▸ EXERCISE:
The expected output is every line from the one containing "systems functionin­g properly." to the end of the data below, exactly, and no other line.

▸ RECORDS TO PROCESS:
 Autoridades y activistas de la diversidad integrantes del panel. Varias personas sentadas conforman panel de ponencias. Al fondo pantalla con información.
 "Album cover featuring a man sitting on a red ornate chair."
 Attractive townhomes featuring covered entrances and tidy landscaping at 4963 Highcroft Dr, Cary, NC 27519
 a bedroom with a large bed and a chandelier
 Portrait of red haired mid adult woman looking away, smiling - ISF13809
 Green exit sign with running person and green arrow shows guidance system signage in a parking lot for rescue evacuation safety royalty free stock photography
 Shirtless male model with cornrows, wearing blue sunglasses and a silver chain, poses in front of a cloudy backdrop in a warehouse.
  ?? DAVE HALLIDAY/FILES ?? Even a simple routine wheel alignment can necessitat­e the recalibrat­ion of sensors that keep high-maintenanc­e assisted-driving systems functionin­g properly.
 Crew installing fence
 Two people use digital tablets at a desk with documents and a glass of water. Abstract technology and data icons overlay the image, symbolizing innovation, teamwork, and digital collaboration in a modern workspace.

▸ TASK RESULT:
  ?? DAVE HALLIDAY/FILES ?? Even a simple routine wheel alignment can necessitat­e the recalibrat­ion of sensors that keep high-maintenanc­e assisted-driving systems functionin­g properly.
 Crew installing fence
 Two people use digital tablets at a desk with documents and a glass of water. Abstract technology and data icons overlay the image, symbolizing innovation, teamwork, and digital collaboration in a modern workspace.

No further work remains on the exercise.